As we mentioned above, excel has capabilities that make it a perfect tool for data analysis. The software can be used in both qualitative and quantitative research projects. Students working on their research papers are always in a hurry and need something that can make their work easy and save time. Excel is an efficient software and it is designed to help users save time and make sure it is accurate. With using proper features and formulas you can transform your unorganised data into an automatic analysis.
Microsoft Excel is much more than just creating tables and inputting data. It is only the start, there are many features that can sort and manage data, complete mathematical calculations, turn complex data into easy-to-understand graphics and charts, build forecasts and help provide answers to complex questions.
Why use Excel for Data Analysis?
Data analysis is the process a person can use to clean, introspect, change and model data.

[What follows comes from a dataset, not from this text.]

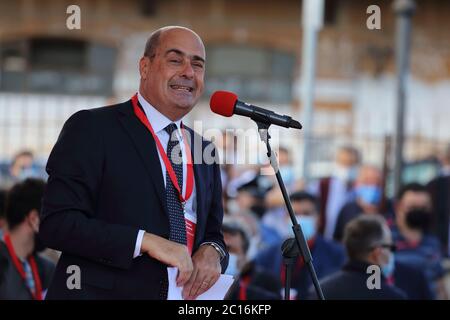 Frosinone, Italie - 14 juin 2020: Le Président de la région Latium Nicola Zingaretti lors du discours pour le voyage inaugural de la Frecciarossa Milano Centrale - Napoli Centrale via Frosinone / Cassino Banque D'Images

The goals of discovering and understanding important information, coming to solid conclusions, formatting and editing it properly and preparing a particular decision-making process can all be accomplished with the help of data analysis.

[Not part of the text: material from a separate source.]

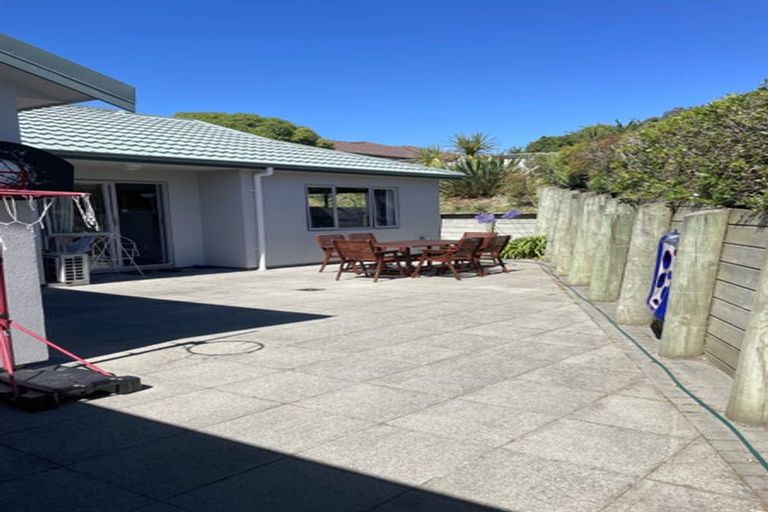 Photo of property in 40 Te Puia Drive, Aotea, Porirua, 5024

There are various ways of conducting data analysis properly and with Excel assistance, students and researchers can all accomplish this with ease. Let’s discuss some features of Excel that help with data analysis.
Sorting of data
Excel can sort data easily and quickly, data can be sorted in descending or ascending order as per user requirement. It can arrange data/lists in alphabetical order or in numerical data rank from highest to lowest or vice versa.
Filtering
Filtering is another data analysis type that can be done with Excel. Excel can filter data into various subsets, viewing data points that fit their chosen criteria. Excel has this exceptional feature that narrows down data, has it met specific criteria or views limited cells that too while the original data remains intact.
Conditional Formatting
Another feature of Excel is that it is easy to use. This feature allows a user to highlight cells in a different colour based on the user’s criteria and the value of the cells. It is an excellent method for highlighting data visually or identifying trends and outliers in data.
Charts and Tables
Excel can also provide charts to simplify data analysis conclusions. Designing charts in Excel is user-friendly and uses colours, and a simple presentation to make them easy to understand. Charts in excel are simple and can make insights drawn from your data analysis understandable. The table command is excellent for converting data into a formatted table, which users can then sort and filter for easy organisation and viewing.
Pivot Tables
The pivot table is an interactive feature in Excel which is used to manipulate and analyse large structured sets of data. It helps make the information more concise and take important content from large and detailed data. It summarises, sorts, counts, totals or averages the data in a spreadsheet.
What-If Analysis
What-if analysis is an Excel tool that helps run reverse calculations, sensitivity analysis and scenario comparisons to observe the impact an independent variable has on a dependent variable.
Analysis Toolpak
You can use this Excel add-in tool to assist with complicated statistical, financial, and engineering analysis. It offers statistical tests for linear systems like ANOVA, t-Test, and z-Test as well as tools for regression, sampling, and Fourier analysis.
Descriptive Statistics
Descriptive statistics is an add-in of ToolPak which allows the user to avoid running individual statistical analysis manually for statistics that are commonly used, such as mean, mode and standard deviations. So with just a click, you will get the statistical value of the data immediately.
And these are some ways one can use Microsoft Excel for data analysis.